- WORK TO BE COMPLETED:
A verbatim copy of every record is required, and no pictures should be included.
------ RECORDS SUPPLIED
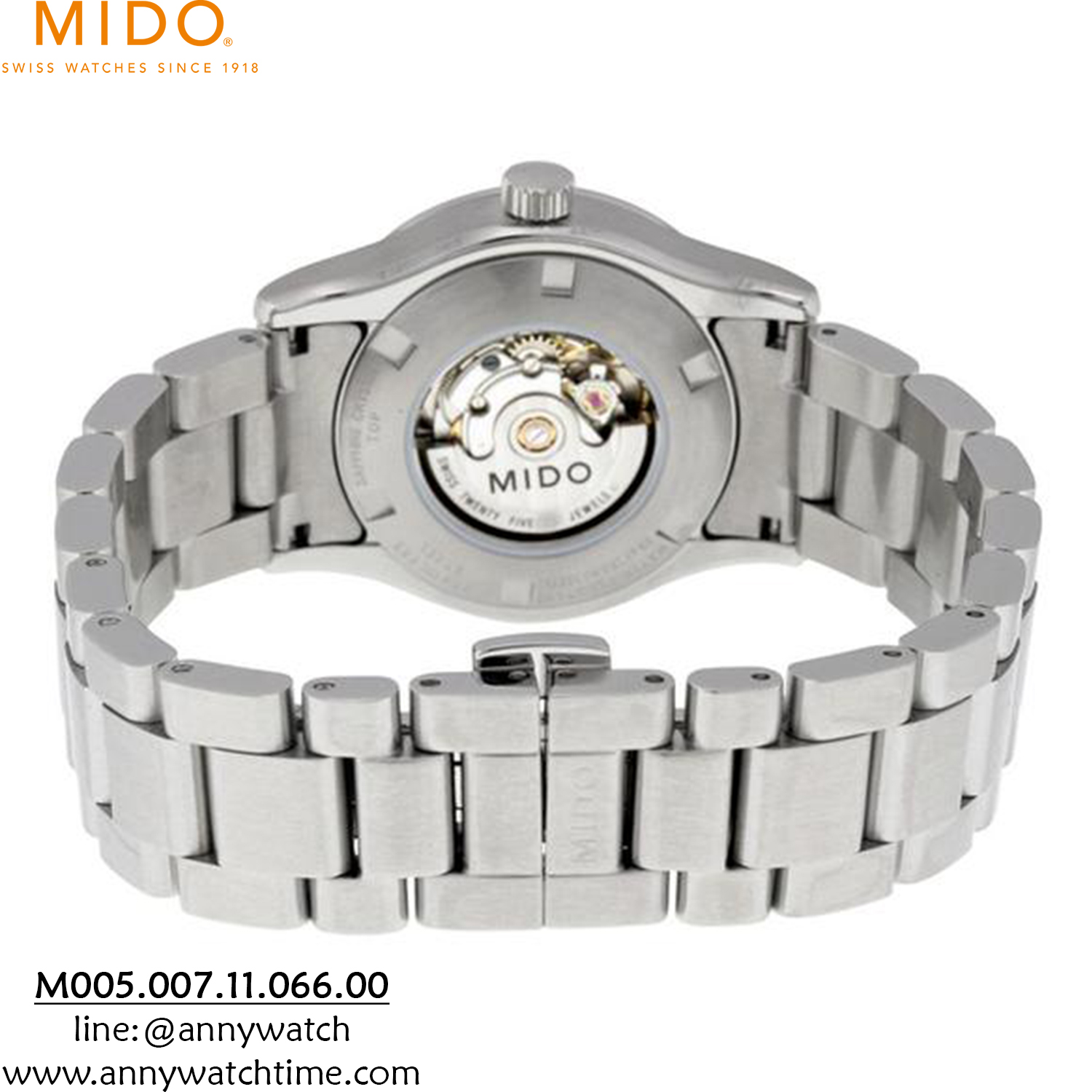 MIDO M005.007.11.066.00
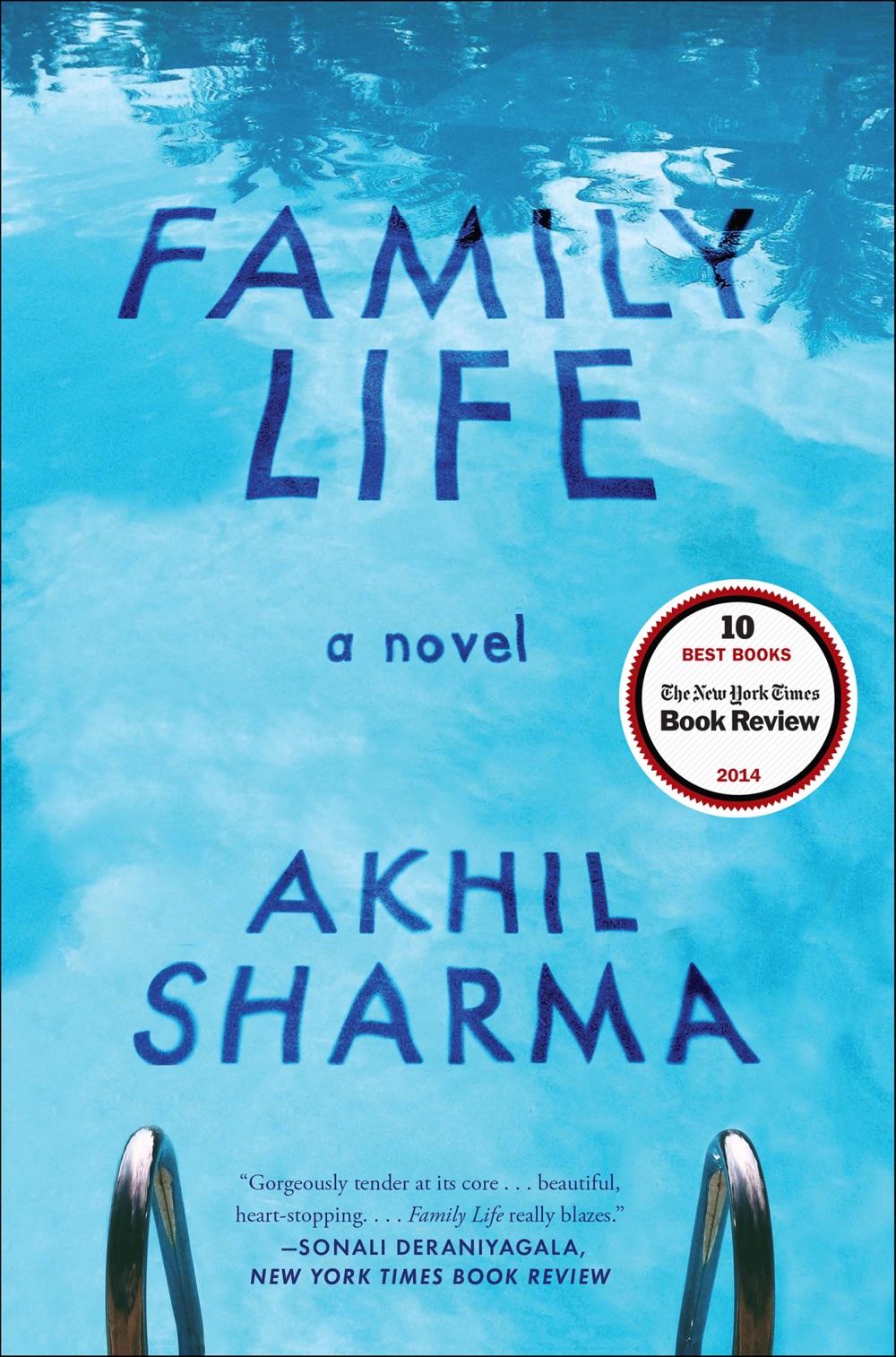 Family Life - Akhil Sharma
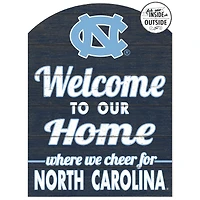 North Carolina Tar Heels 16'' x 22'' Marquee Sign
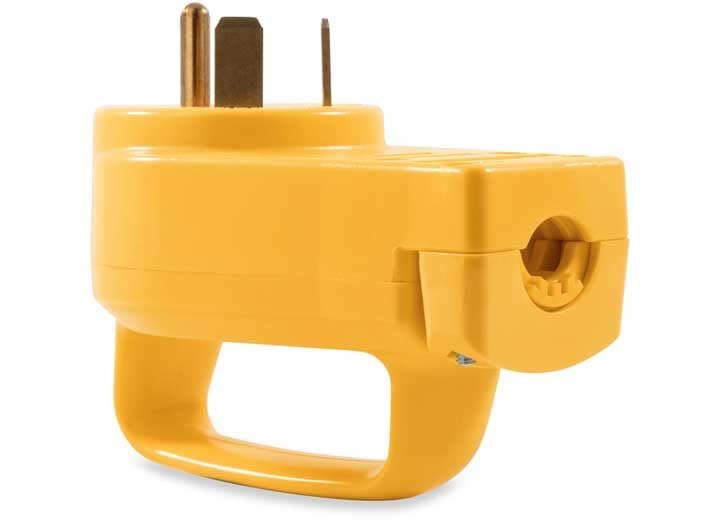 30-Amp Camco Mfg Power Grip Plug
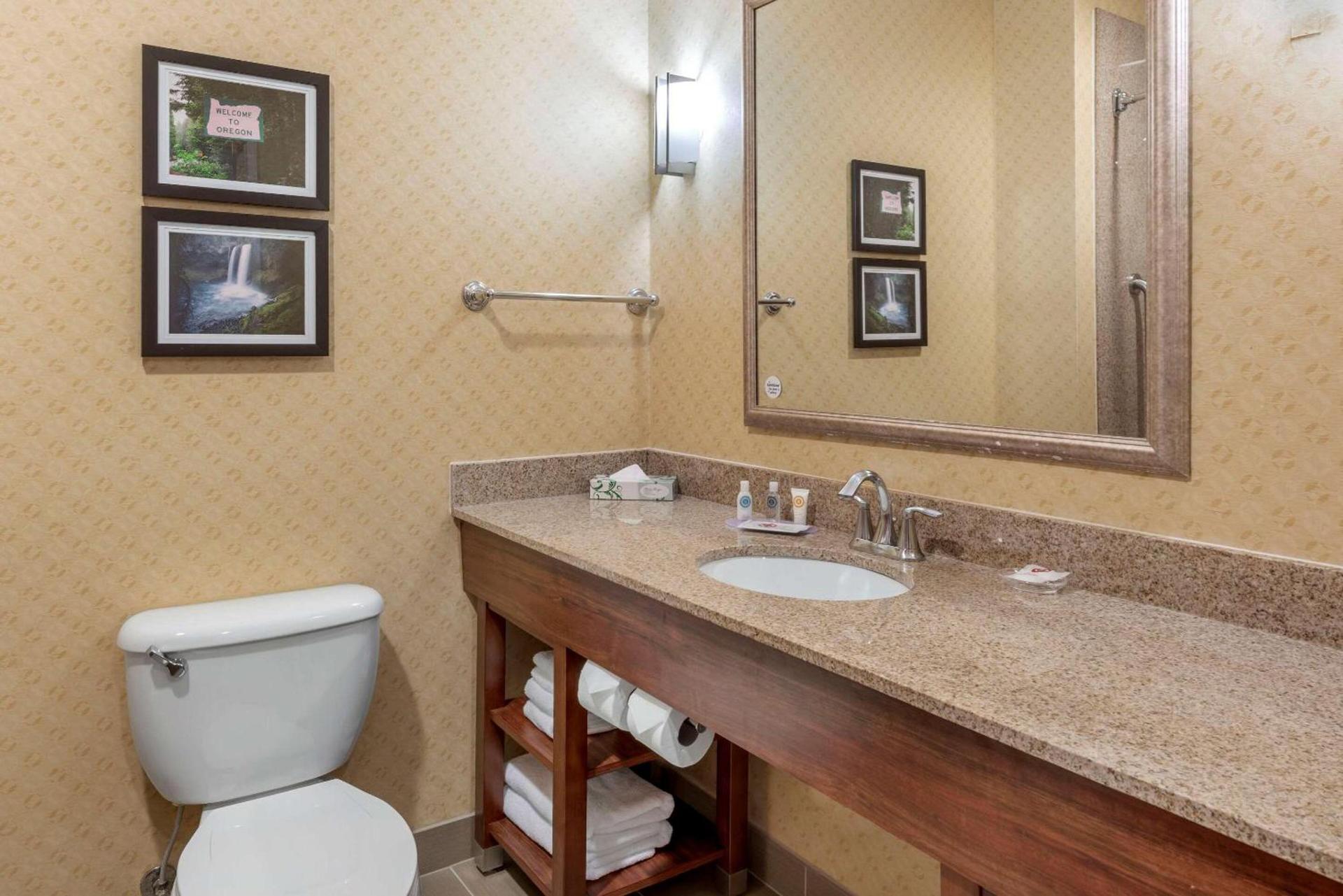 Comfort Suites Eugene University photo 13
------------
- TASK OUTPUT:
 MIDO M005.007.11.066.00
 Family Life - Akhil Sharma
 North Carolina Tar Heels 16'' x 22'' Marquee Sign
 30-Amp Camco Mfg Power Grip Plug
 Comfort Suites Eugene University photo 13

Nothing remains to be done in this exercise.